Dedicated CUDA card

Hi everyone,

I have been using CUDA on a dedicated workstation (that I don’t administer) for my research until now but am in the process of sorting out what options I have for continuing my work in a new environment. I’m not very hardware savvy at all.

In particular, do most/all workstations support having two graphics cards installed? I would like to have a dedicated CUDA card for long jobs as well as a standard graphics card (doesn’t need to be any good) for rendering. Is there anything to be careful of? I’m expecting to work in a linux environment, if that matters.

Also, I’ve heard that the quadro cards are better suited to long jobs than the gtx cards, but that the gtx cards are more cost-effective for speed at the cost of some reliability. Is this still the common wisdom?

Many thanks,
Anthony

The dual-card setup you mentioned is certainly fine. CUDA toolkit’s Linux Release Notes should have most of the information you need.
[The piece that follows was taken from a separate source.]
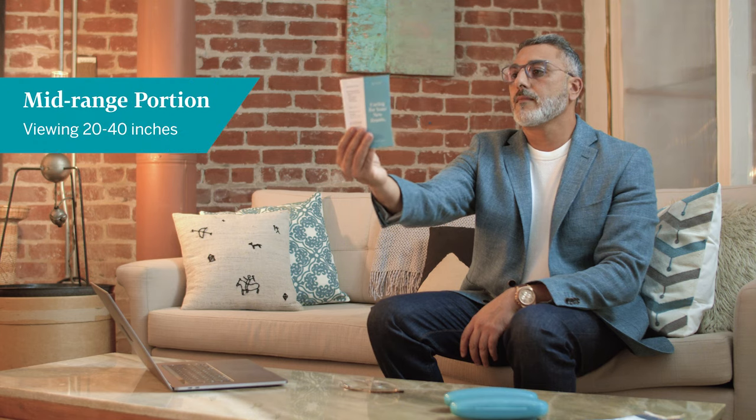Maintaining your gaze at a distance, bring some reading material into your mid-range view. Fix your gaze on the print while slowly tilting your head backwards until the print clears. This is the mid-range or intermediate vision portion of the lens.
GeForce cards are not suitable for heavy double-precision load. Their single-precision FLOPS are way better, though.

Thanks!

I was just reading something about PCIe slots, and basically it seems like most motherboards only have one 16x PCIe slot. When one has two cards, does this affect the rate of data transfer between the GPGPU and main memory? Also (and showing how little I know about hardware), is it always possible to connect two cards even when there’s only one 16x slot?

I looked at the release notes, and it seems to indicate that for a dual graphics card system, the display graphics card needs to be an Nvidia card as well - is this true?
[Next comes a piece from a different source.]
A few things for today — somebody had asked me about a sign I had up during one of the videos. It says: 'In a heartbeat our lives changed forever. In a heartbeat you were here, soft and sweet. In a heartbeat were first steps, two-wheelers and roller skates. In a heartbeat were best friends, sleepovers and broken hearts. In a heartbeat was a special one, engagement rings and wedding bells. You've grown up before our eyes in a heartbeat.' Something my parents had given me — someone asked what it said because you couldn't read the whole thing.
Most low-end motherboards have a single x16 PCIe slot, but they also have at least one or more x1 or x8 slots as well. Yes, if you install two x16 cards into two x16 slots you usually split the bandwidth between the two slots (i.e. effective x8 to each card). You should very carefully check the manufacturer specs with respect to this issue if you are desiring full x16 bandwidth to each card. Most motherboard manuals describe how the PCIe bandwidth is distributed amongst the available slots.

I run a GTX 460 OC card as a compute only card plus a GeForce 210 card for graphics … I’m probably the only person on the planet who does this. CUDA kernels run with out limit on my GTX 460 and the rendering is done on my GeForce 210. I’ve been doing this for quite some time without any problems.

I probably wouldn’t mix-n-match graphics card vendors due to potential driver problems.

dpe